Skwaq
Skwaq (pron. skwak - based on Lushootseed word for Raven) is an AI Agent system for researching software vulnerabilities
Install / Use
/learn @rysweet/SkwaqREADME
Skwaq
A self-improving, multi-agent vulnerability analyzer.
Website | Benchmark Progress | Specification | Code Atlas
Skwaq uses a team of 18 specialized AI agents to investigate source code and binaries for security vulnerabilities. It builds a code property graph in LadybugDB, traces how untrusted user input propagates through code (taint analysis), and uses multi-agent debate to reason about exploitability. The agents are powered by RustyClawd, a Rust-based agentic LLM framework.

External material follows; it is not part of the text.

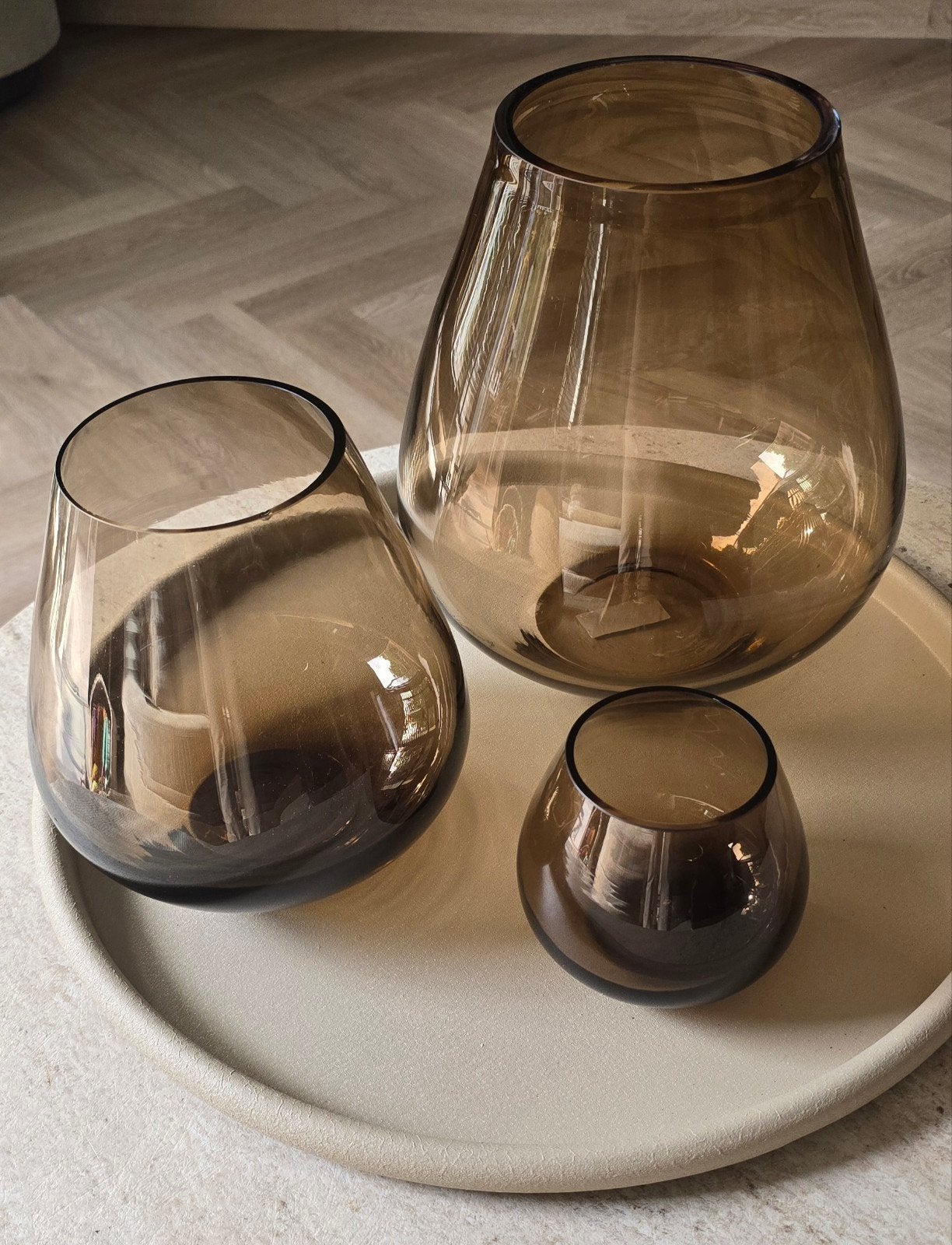 3 delig set Tasman, Huis en Inrichting, Glas, Ophalen, Zo goed als nieuw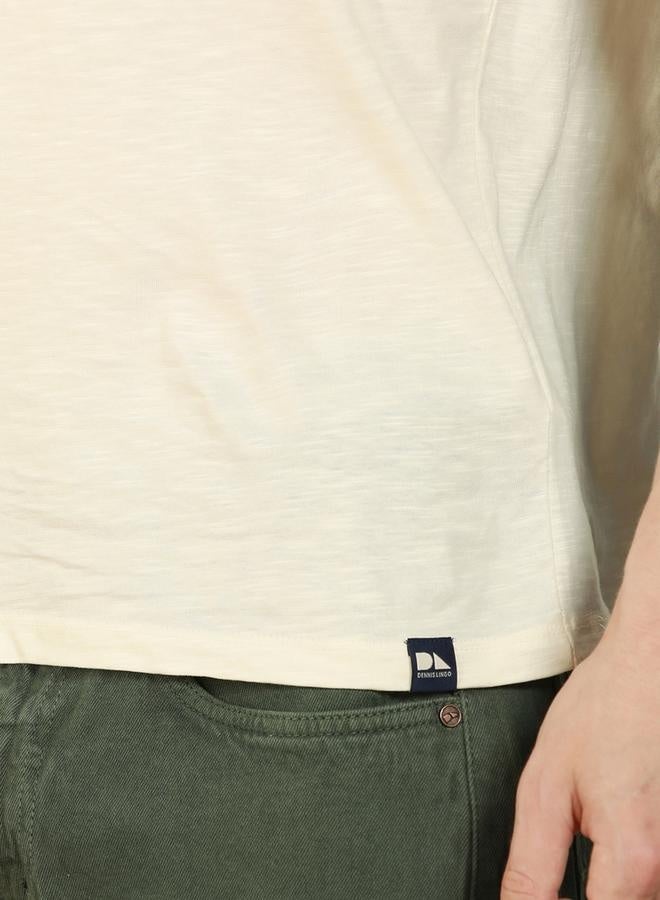 Dennis Lingo Regular Fit Offwhite Cotton Henley Neck T-Shirt  - Image 2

What makes it unique: skwaq improves itself. A built-in benchmark harness (Skwaq Gym) measures detection accuracy against 6 industry benchmarks, and a self-improvement loop uses AI agents to analyze their own failures and propose better investigation strategies — with an overfitting-reviewer agent that rejects ~66% of proposals to prevent building to the benchmark.
The name comes from the Lushootseed word for Raven — the trickster who reveals hidden truths.
Quick Start
# Analyze a binary
skwaq ingest binary /usr/bin/target
skwaq analyze --quick
skwaq report --sarif
# Check binary hardening
skwaq checksec /usr/bin/target
# View findings
skwaq viz findings
skwaq report --json
Install
From Source
git clone https://github.com/rysweet/skwaq
cd skwaq
cargo build --release
# Binary at ./target/release/skwaq
Prerequisites
- Rust 1.70+ (for building)
- Ghidra (optional, for decompilation) - set
GHIDRA_INSTALL_DIR - Python 3.10+ (optional, for angr symbolic execution)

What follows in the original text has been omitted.